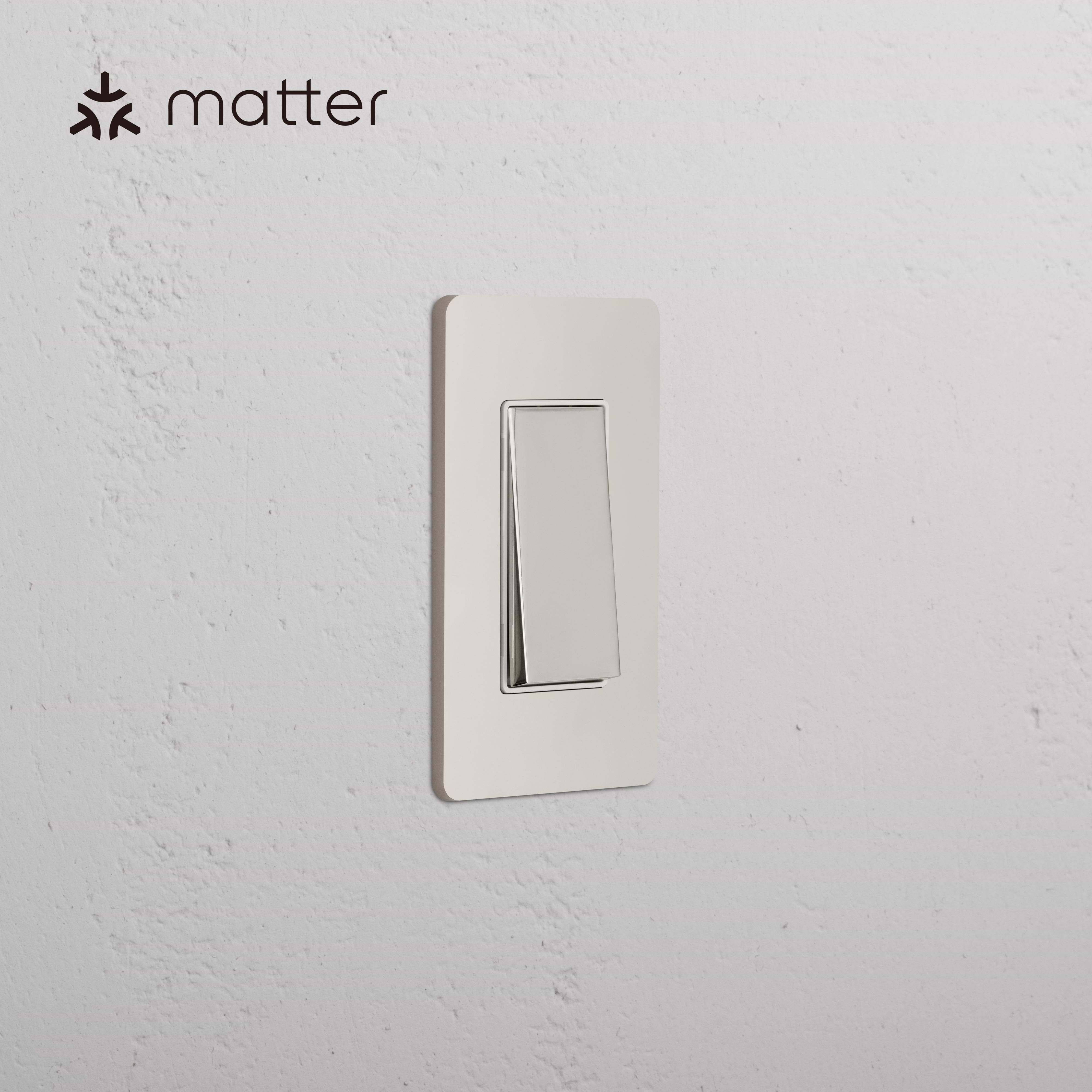 Grove 1G Smart Retractive Rocker Switch in Polished Nickel White, mounted on a white textured wall.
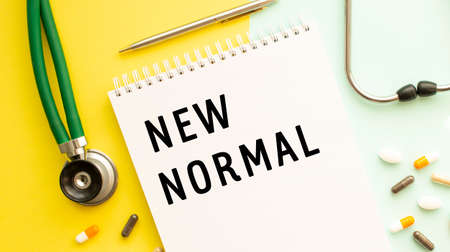 Text NEW NORMAL on notebook with stethoscope and pen on yellow background. Medical concept.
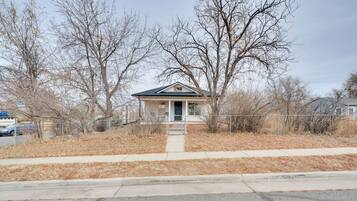 A small, single-story house with a front porch and a fenced yard.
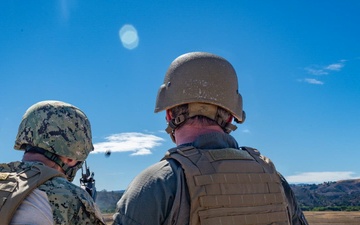 Parallax motion photo of Seabees conducting crew-served weapons training with M203 grenade launcher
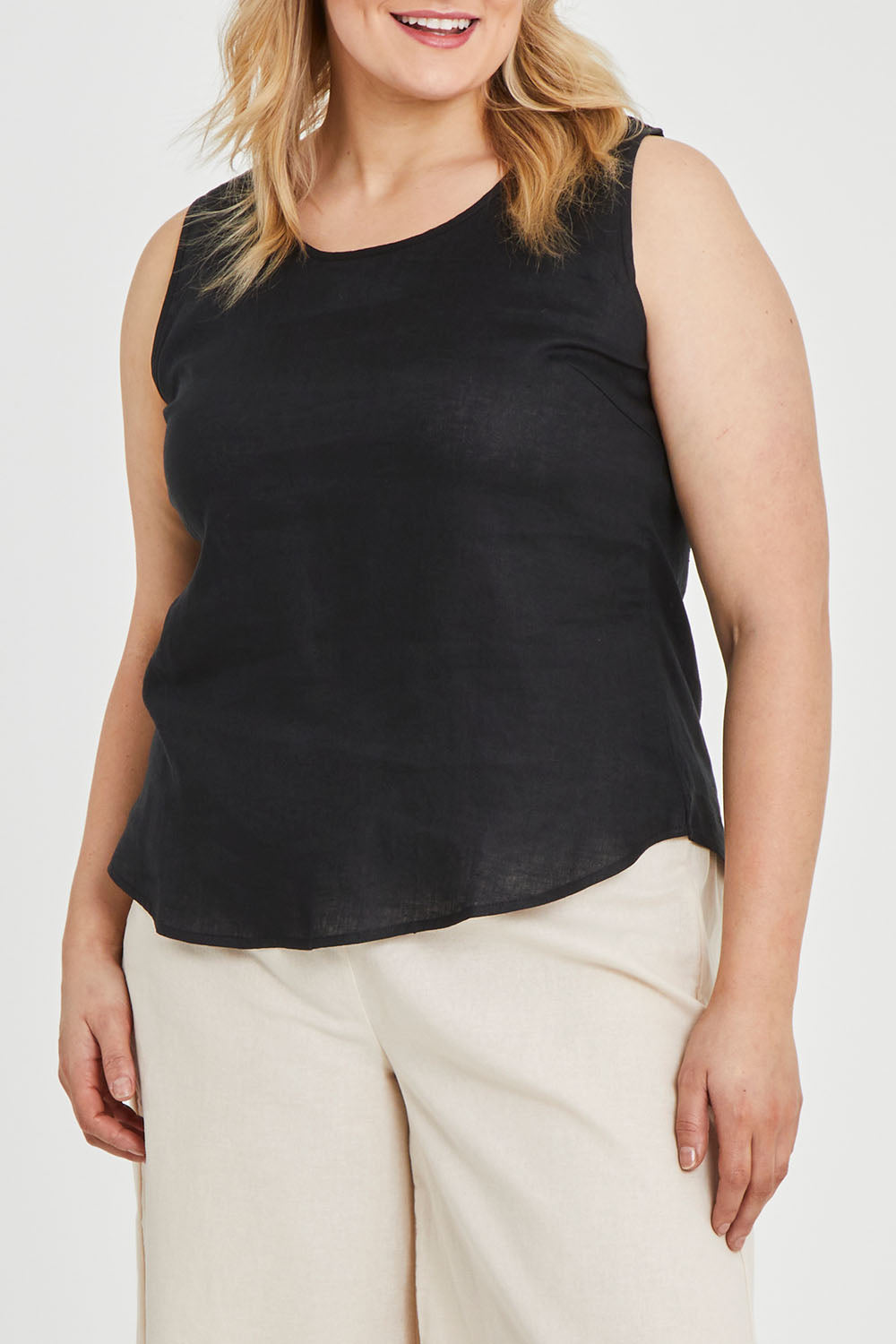 Model Keeara wearing size 16 of the Linen Tank in colour Black (Black), from the front, cropped image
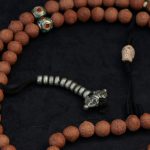 Handcrafted Nepali bodhi seed mala with phoenix eye beads, brass accents, and skull details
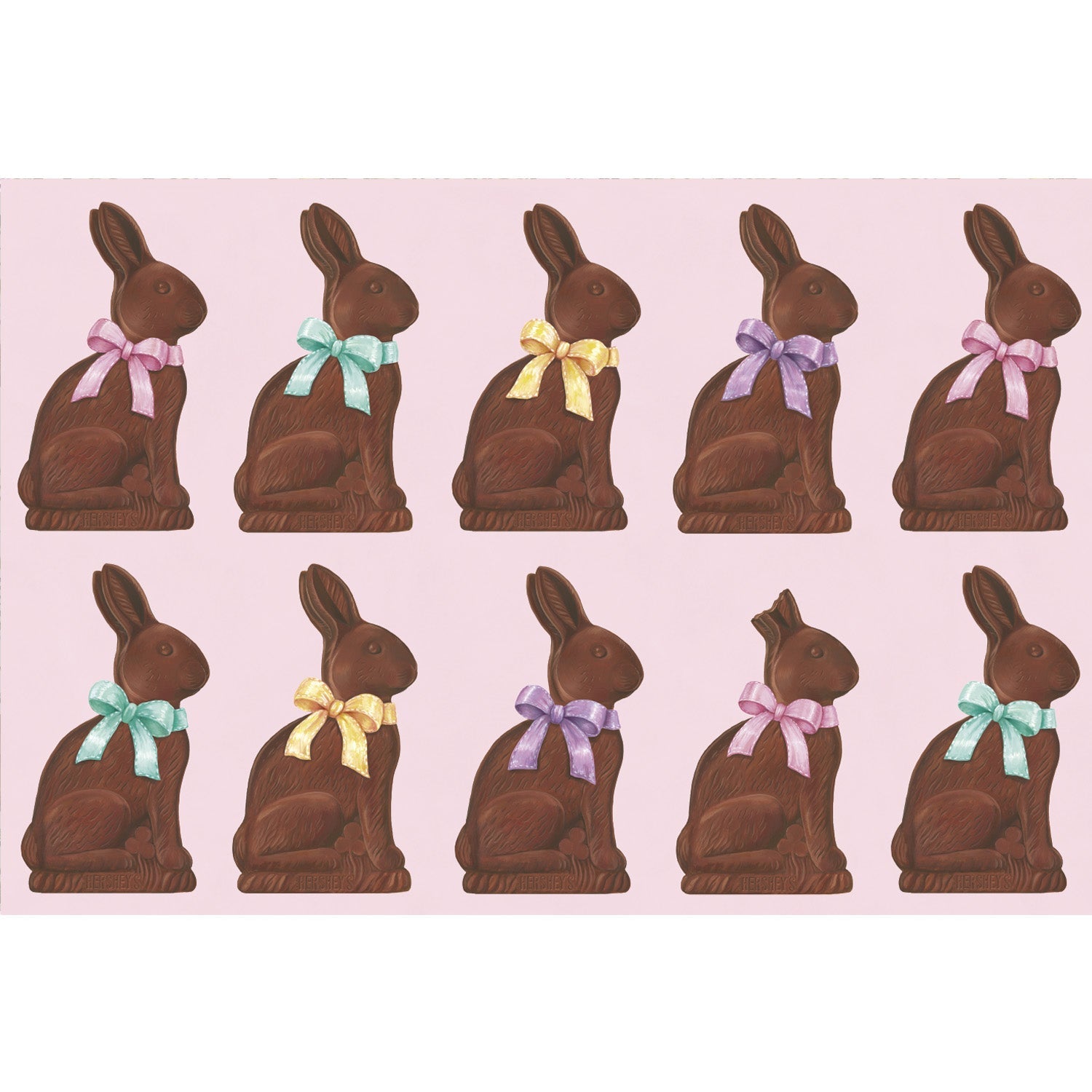 Placemat with chocolate bunnies with colorful bows on a pink background. 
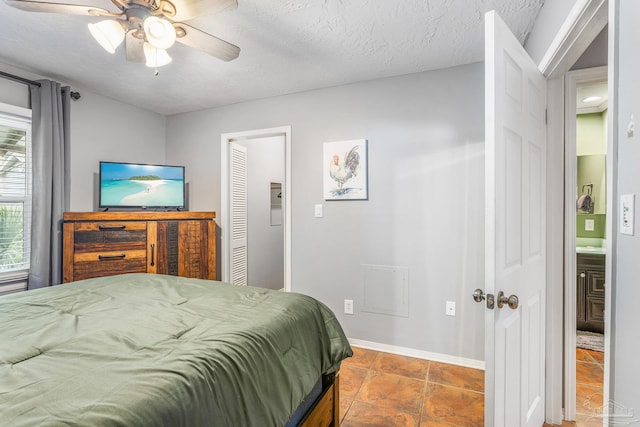 bedroom featuring a closet, tile patterned floors, connected bathroom, a textured ceiling, and ceiling fan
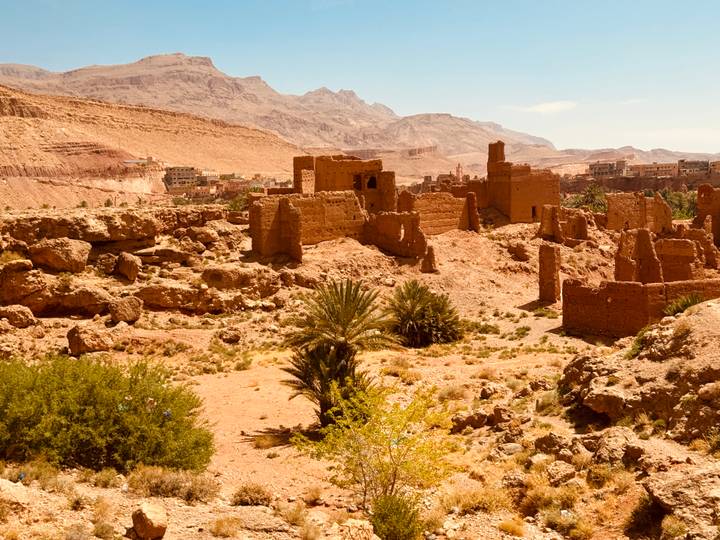 Ruined adobe fortress structures scattered across a rocky desert valley with mountains behind.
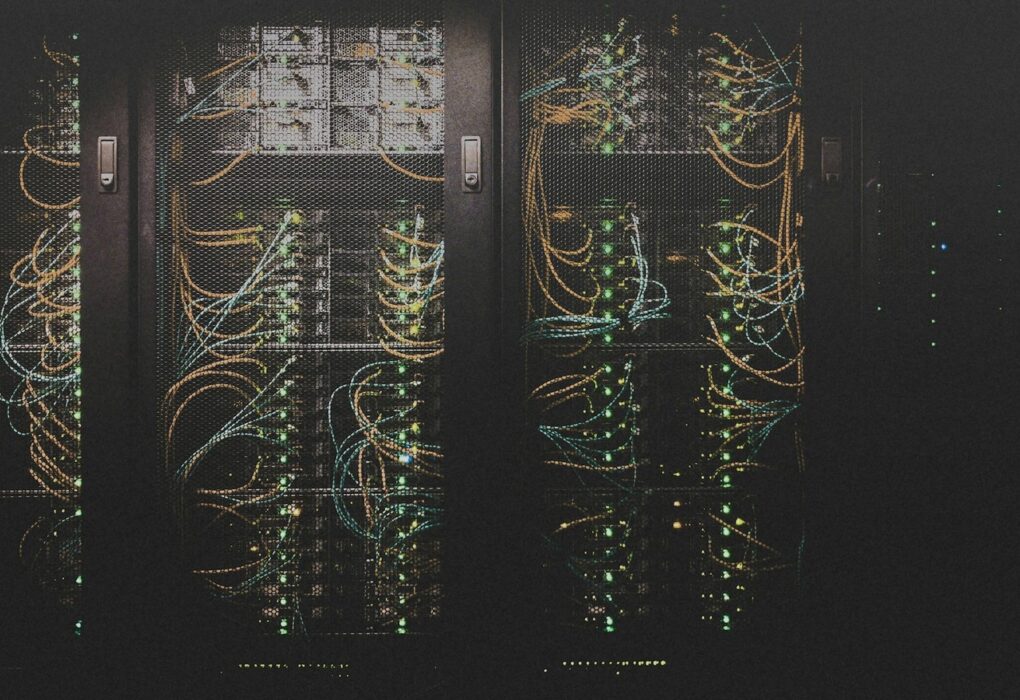Dark data-center server racks behind mesh doors with teal and orange cabling and green status LEDs, no people, used as a still for long-running AI agent infrastructure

_Exercise requirements_
The lines to be transcribed are those from the first line of the data above through the line holding "A small, single-story", inclusive; copy them exactly and only, leaving out the pictures.

_Answer section_
 Grove 1G Smart Retractive Rocker Switch in Polished Nickel White, mounted on a white textured wall.
 Text NEW NORMAL on notebook with stethoscope and pen on yellow background. Medical concept.
 A small, single-story house with a front porch and a fenced yard.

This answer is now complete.